The early morning watch is always rough and as the small group of
officers and men in the Combat Information Center quietly watched the
target, with a noticeable lack of enthusiasm, it moved south, made a
turn, and headed back to the north again. A few of the men noticed
that the turn looked "a little different," but this early in the
morning they didn't give it much thought.
At 5:14 the target went off the scope to the north.
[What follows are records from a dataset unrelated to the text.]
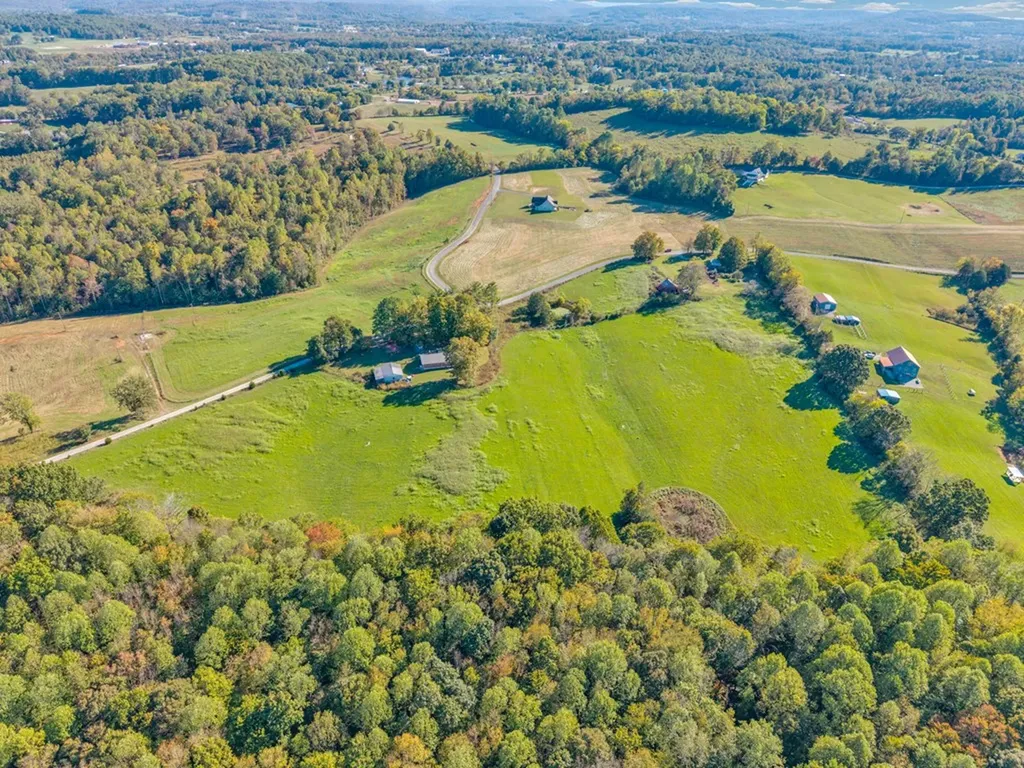 165 Eckles Cemetery Road Cookeville TN 38506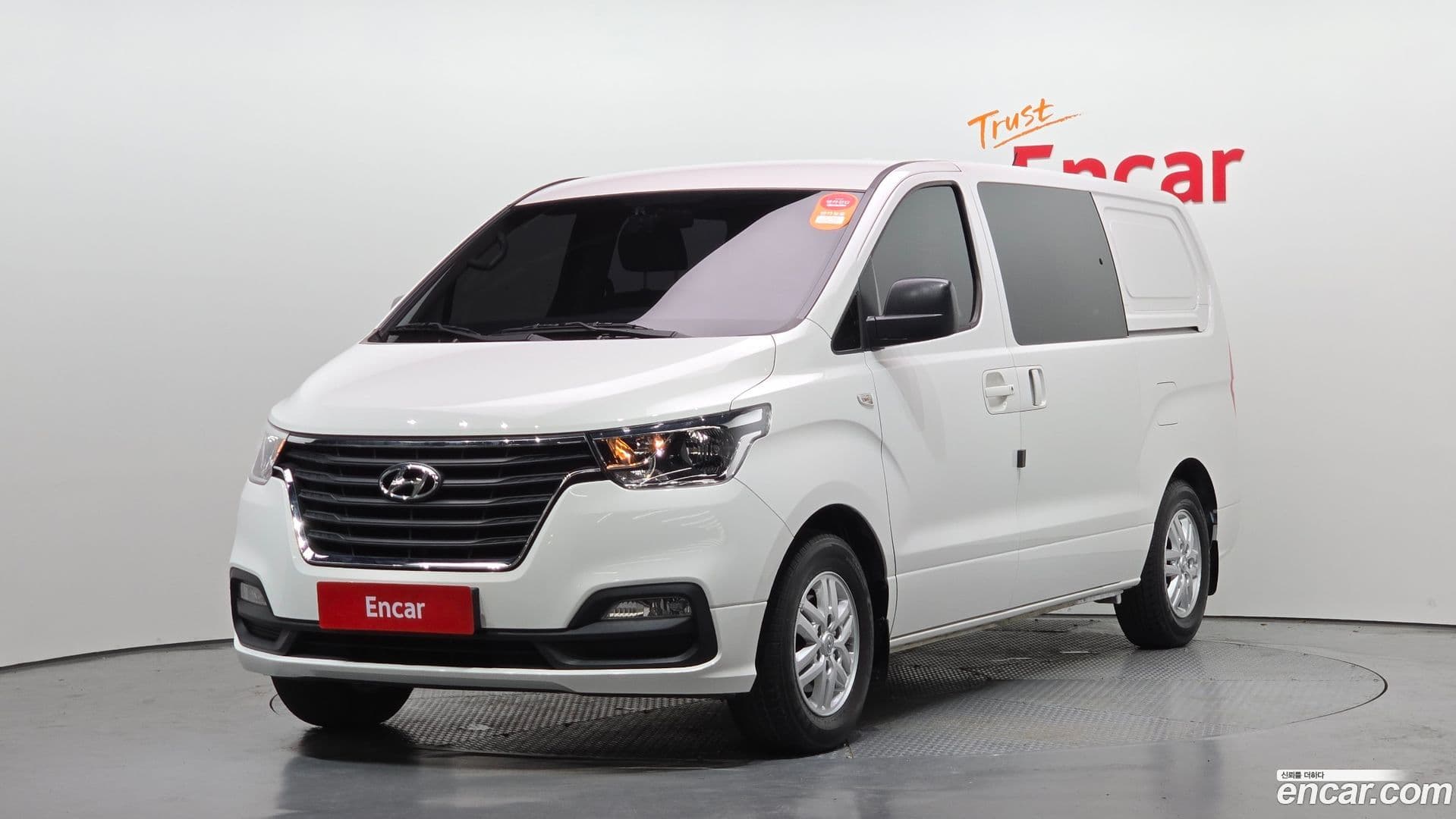 Main__Slider__Photo:Starex Hyundai 2020.6-0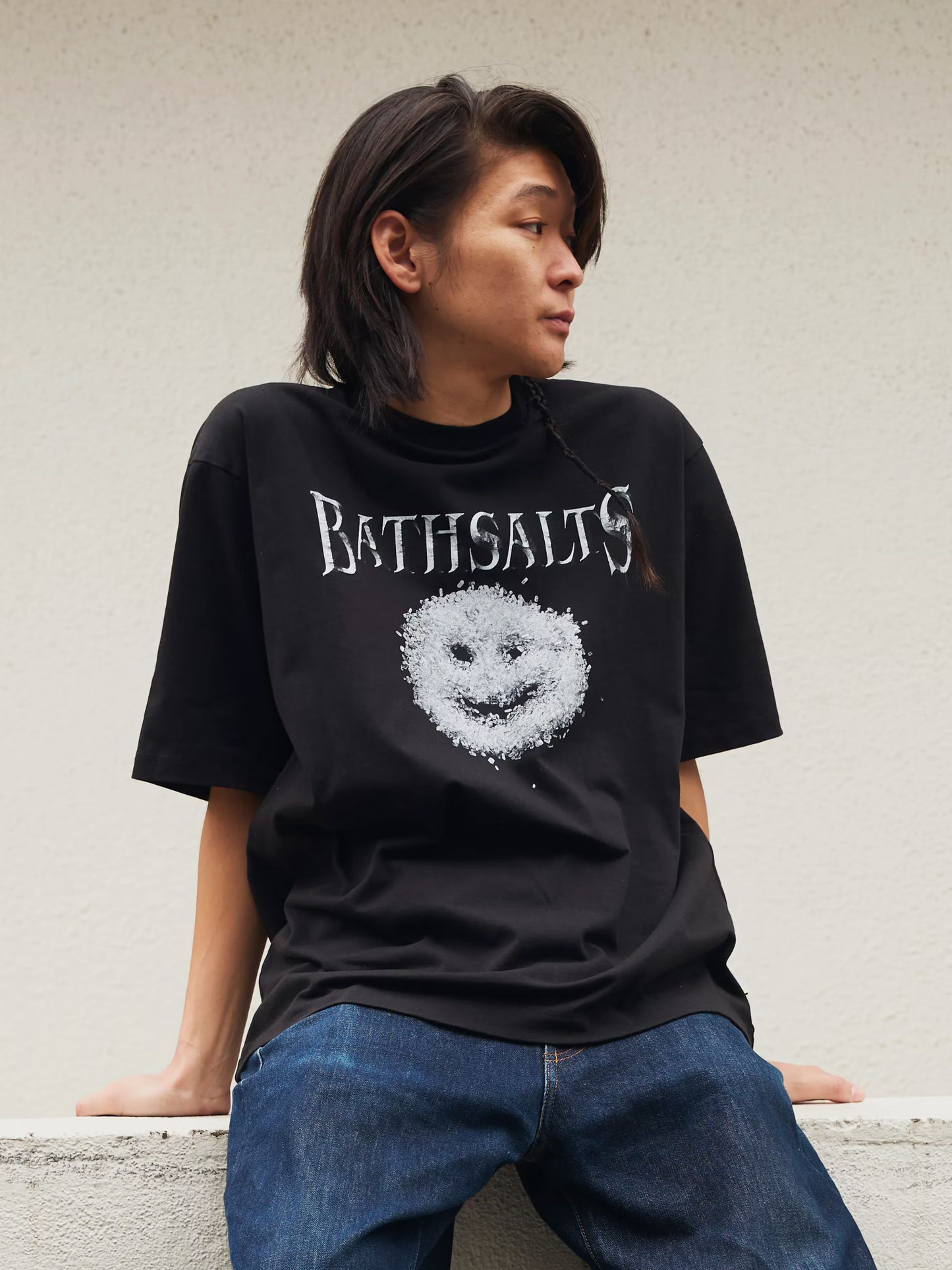 LOOSEJOINTS_KEITA ISHIGURO - 'RELAXING BATHSALTS' S/S TEE (Black)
At 5:16 it was back and the lassitude was instantly gone. Now the
target was 22 miles _south_ of the ship. No one in the CIC had to
draw a picture. Something, in two minutes, had disappeared off the
scope to the north, made a big swing around the ship, out of radar
range, and had swung in from the south!
Word went up to the lookouts. They tensed up and began to scan the
sky.
The radar contacts continued.
This second contact, south of the ship, was held for two full
minutes as the target moved out from 22 to 55 miles. Then it faded.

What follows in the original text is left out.